Fico feliz quando ouço a sua voz
Mas me sinto incompleto por você estar distante
É como se o dia insistisse em não terminar sem um sorriso teu
Sem nossas conversas jogadas fora meus sonhos não me deixam dormir em paz

Quero colocar você em um lugar seguro
Onde nada nem ninguém me tirem você e aquilo que você tem de melhor
Quero te guardar para sempre em versos e sentimentos
Onde o tempo, a distância e outras pessoas jamais apagarão

Queria correr e te abraçar pelo menos por um segundo
Sentir que você faz parte do meu mundo
E mesmo que eu não escute sua voz em uma canção
O lugar em que vou te guardar é no meu coração

E, se as vezes uma coisa ou outra nos magoar e nos fizer ficar distantes
Meus pensamentos sempre me guiarão de volta
Essa é a prova mais viva e palpitante
De que me importo e preciso de você.

quinta-feira, 6 de outubro de 2011

Chorar é preciso


Eu preciso do choro.

Sei que ele está aqui, guardado em algum lugar.

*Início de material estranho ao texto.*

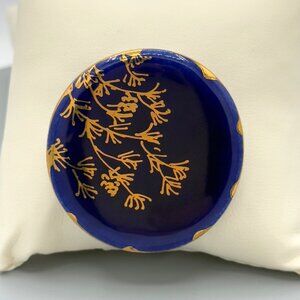 Vintage Handmade Ceramic Brooch Pin Cobalt Blue Gold Tone Handpainted By Ariglo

Latente. Como um vulcão que passa décadas adormecido e de repente resolve acordar.

Preciso aprender a entrar em erupção. Sentir o corpo se aquecendo enquanto ele se desperta do fundo da alma e sobe em direção aos olhos. Sentir a energia, o vibrar, o alívio de “colocar para fora”.

Espero ansioso pelo dia em que o choro chegue e carregue, como em uma enchente, os desprazeres da vida de até então. Que despeje no olho da rua tudo aquilo que não é bem vindo.

Tudo isso só para poder respirar ofegante, livre e me sentir vivo. Pois as lágrimas nem sempre significam tristeza. As vezes elas são a única chance que temos de abrir as portas emperradas para tentar ser feliz outra vez.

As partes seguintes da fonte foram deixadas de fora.